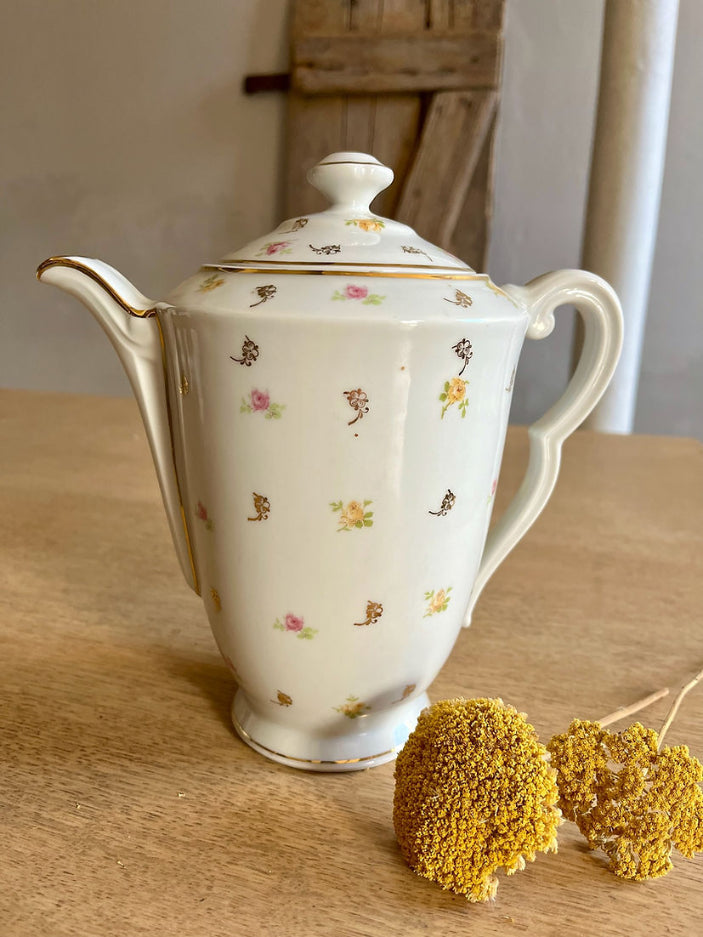 Service à thé en porcelaine de Limoges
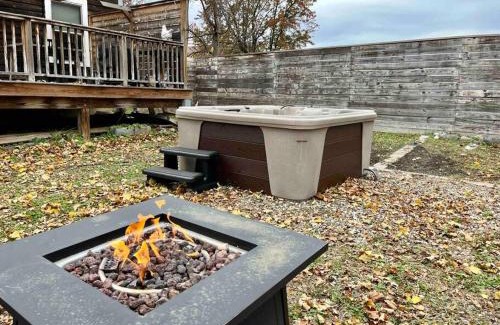 Goshen House | Goshen House: hot tub, fenced yard, by downtown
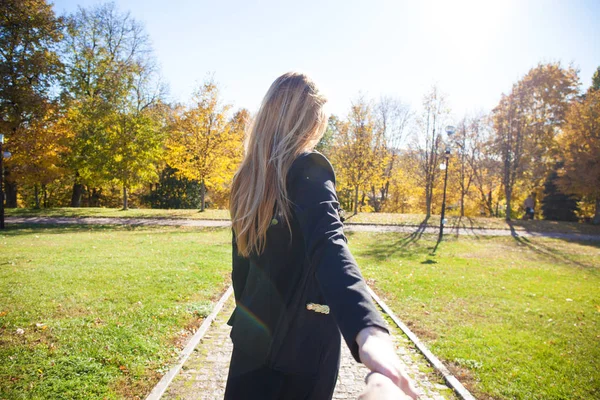 Folgen Sie Mir Schöne Junge Blondine Hält Die Hand Eines — Stockfoto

-------

▶ [Your assignment] I need the lines from the line holding "Goshen House |" through the end of the material, inclusive, restated word for word and without pictures.

▶ [Solution to the exercise]
 Goshen House | Goshen House: hot tub, fenced yard, by downtown
 Folgen Sie Mir Schöne Junge Blondine Hält Die Hand Eines — Stockfoto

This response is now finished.